BY LETTER TO THE EDITOR ON JUNE 19, 2014.
Never in the history of the Blood Tribe have we ever experienced such aggressive and hostile governance towards empowerment and self-determination. With the recent developments on the Blood Indian Reserve #148, totalitarianism and fascism have set in; we now have an autocratic regime that believe in annihilation of treaty, aboriginal and indigenous rights.
What we are seeing are forms of governance initiated by Hitler, Stalin, Saddam Hussein, Idi Amin and more.

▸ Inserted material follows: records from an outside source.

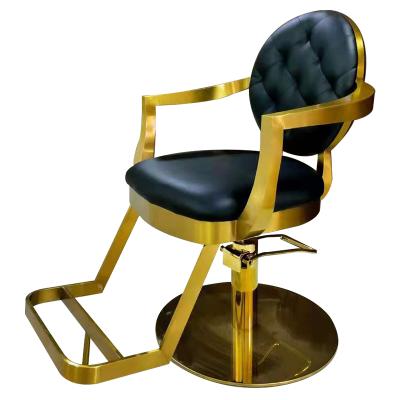 China Wholesale Gold Super Comfortable Luxury Black Frame Modern Barber Chair Salon Styling Chair Hairdressing Chair for sale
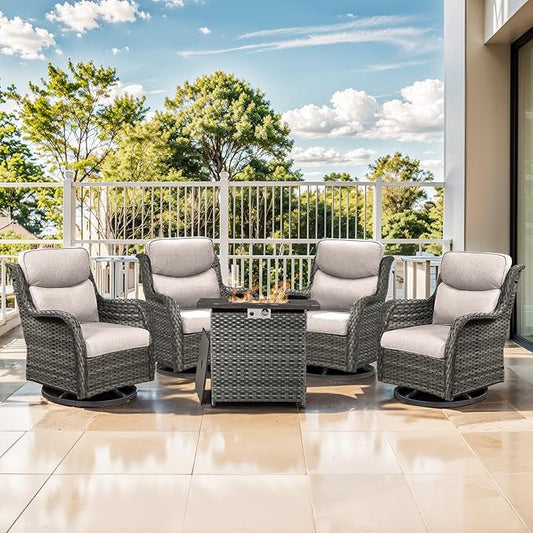 Outdoor Swivel Rocker Patio Chairs Set of 4 with Fire Table - 5" Thick Cushion 5 Piece Furniture Set with Fire Pit Table All Weather Wicker Conversation Set for Porch Deck - Gray/Beige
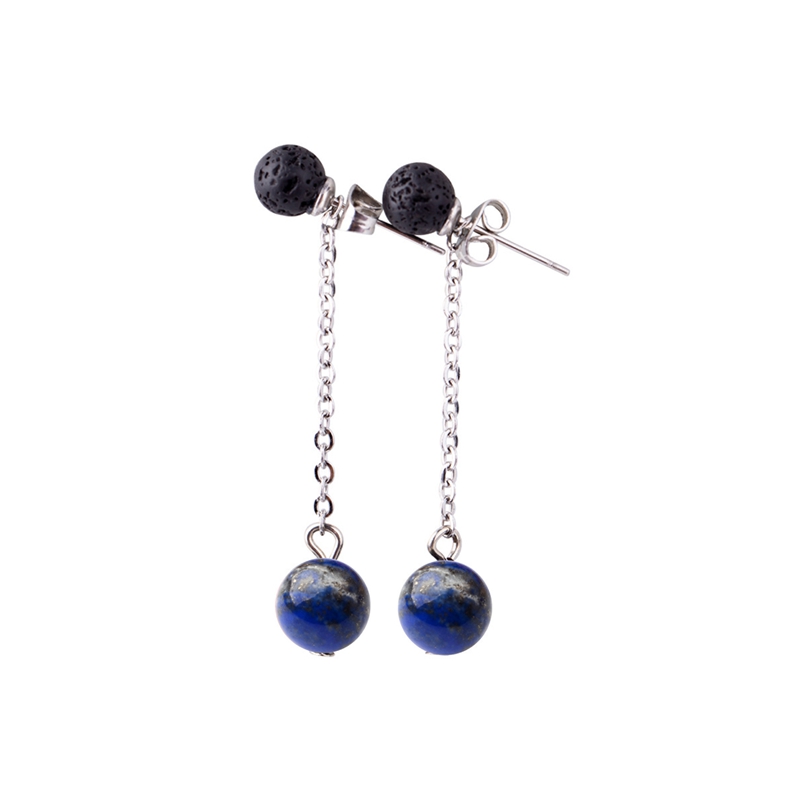 Lava Stone 6MM Earrings Stud Natural 8MM Gemstone long Chain Dangle Earring for women Girls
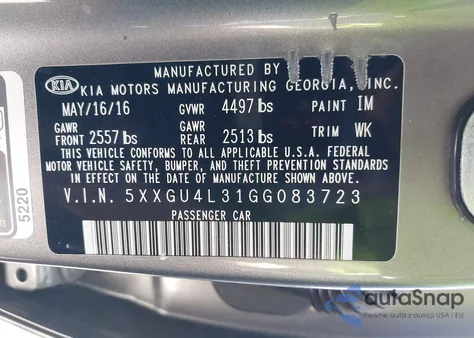 2016 Kia Optima Ex из США, поврежденный, VIN 5XXGU4L31GG083723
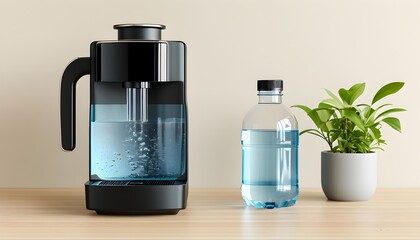 Hydration station with a full water cooler bottle on a clean light background, symbolizing easy access to fresh water in office environments.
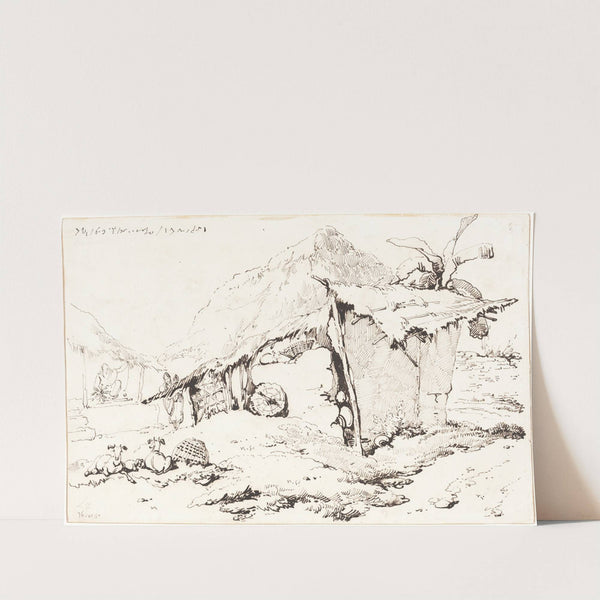 A Village Hut in India (recto) by George Chinnery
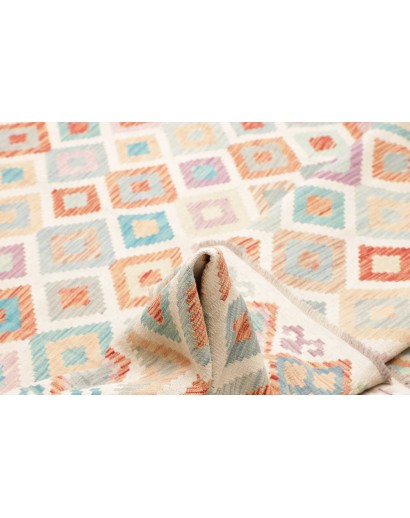 Tappeto Kilim Afghanistan bianco arancione 252x354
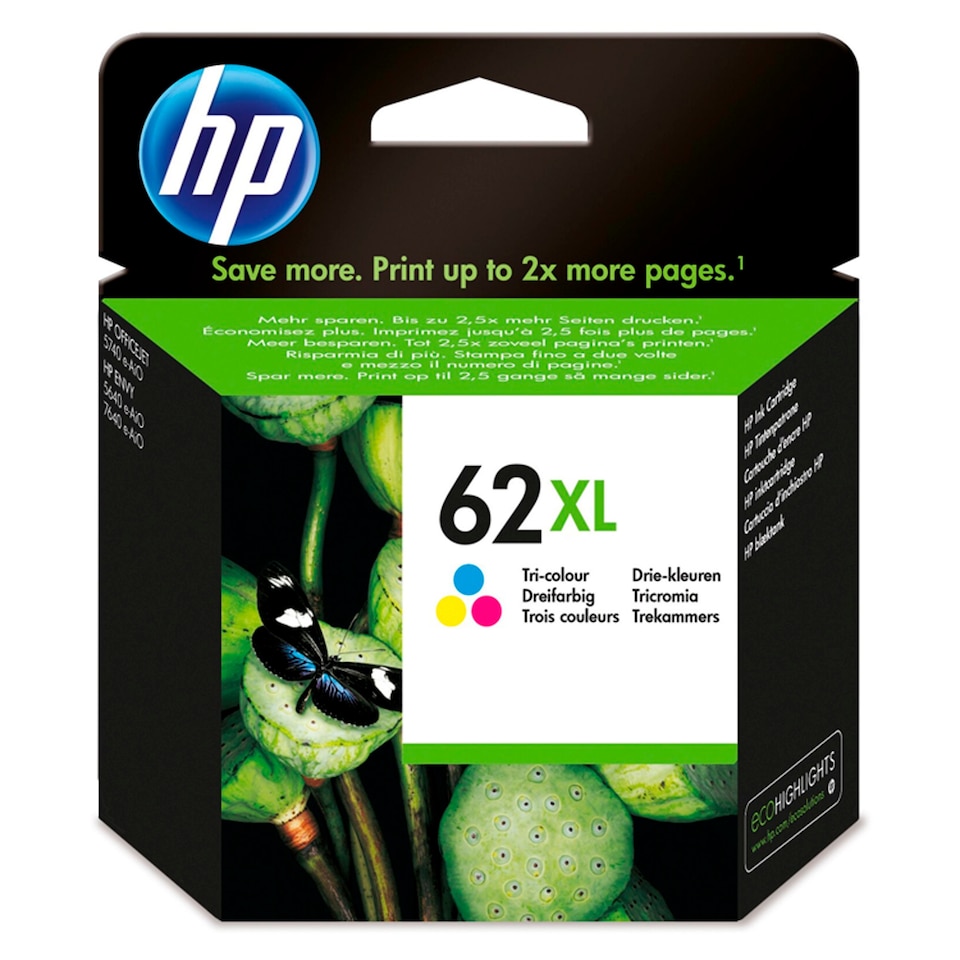 image 1 of Hp 62 Xl Color Printer Ink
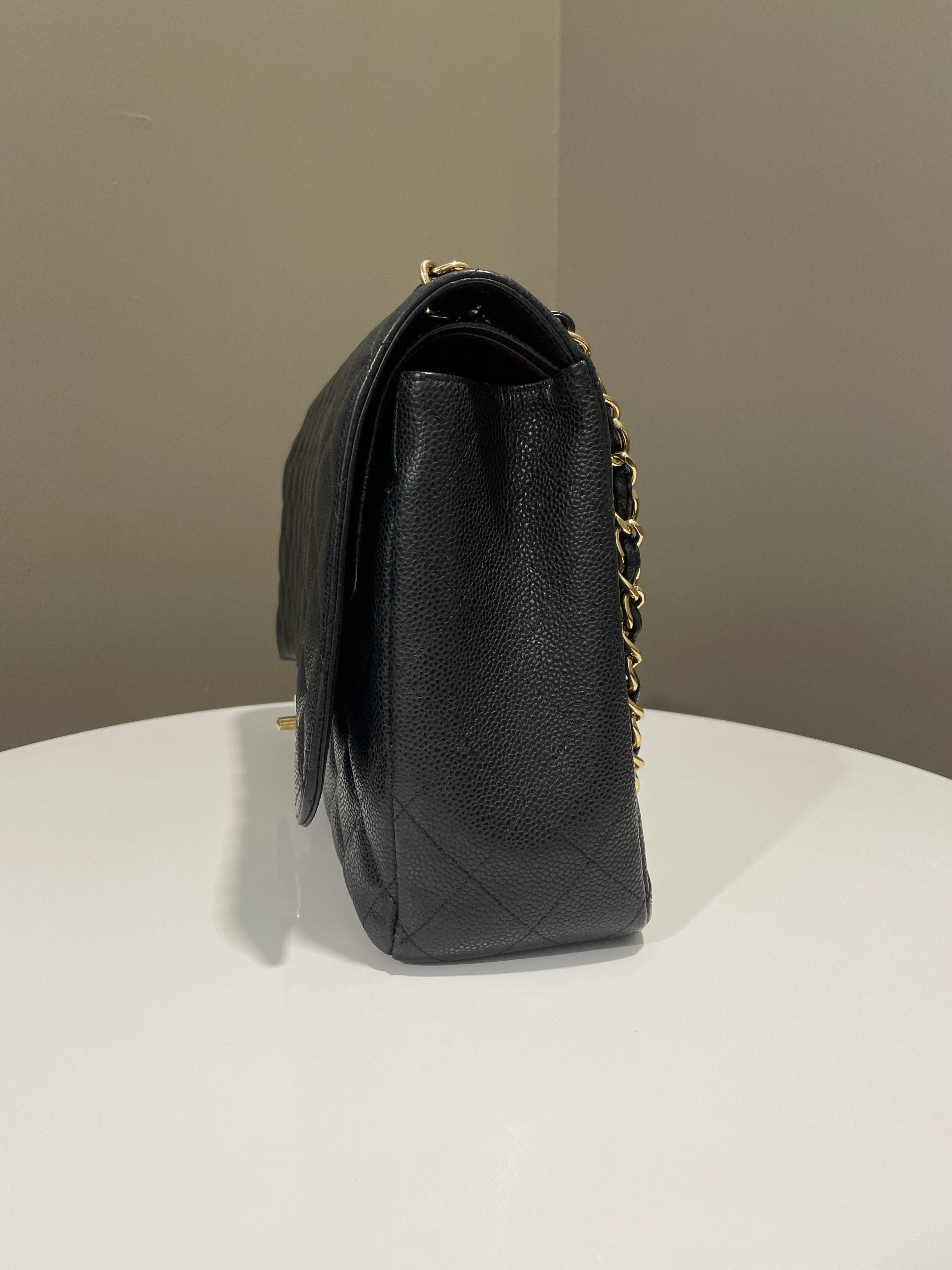 Chanel Classic Quilted Maxi Double Flap Black Caviar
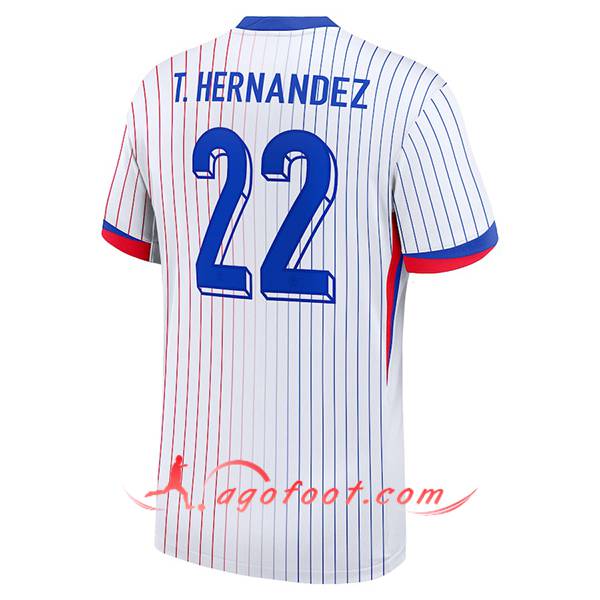 Maillot de Foot france (T. HERNANDEZ #22) UEFA Euro 2024 Exterieur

This chief and council has no comprehension of “peace, order and good governance” entrenched in the Canada Act of 1982. Recently, a tribal member was persecuted for believing and practising his rights to farming entrenched in Treaty No. 7.
Prior to Canada becoming a dominion, the Blood Band entered into the Lame Bull Treaty with the U.S. in 1855. The Blood Band already was a sovereign nation; Canada did not exist.
The proceedings ignored and deliberately refused to reference provisions of the Charter of Rights, Sections 7 to 11. Section 15 specifically refers to “equality rights.”
Every individual is equal before and under the law and has the right to the equal protection and equal benefit of the law without discrimination and, in particular, without discrimination based on race, national or ethnic origin, colour, religion, sex, age or mental or physical disability.
The Charter of Rights at this courthouse has ruled that the Charter does not cover members of the Blood Band; let alone s. 35, which reads: “The existing aboriginal and treaty rights of the aboriginal peoples of Canada are hereby recognized and affirmed.”
Was Mr. Fox supposed to receive justice when the band authorities can pick their own apparent “hired gun,” to appear before a person with real conflicts of interest – even beyond the appearance of conflict of interest? How can there be “Rule of Law” without basic due process and equal protections/responsibilities of law applied without fear or favour to all? Why do all valid constitutions have “supremacy clauses” that incorporate ratified and valid treaties into the corpus of – and indeed trump when in conflict with – the constitutions of the nations that signed them? (Reason: otherwise nations could sign treaties and gain advantages from them, but then only keep to the terms they favour under the banner of “sovereignty” as the U.S. and Canada often do).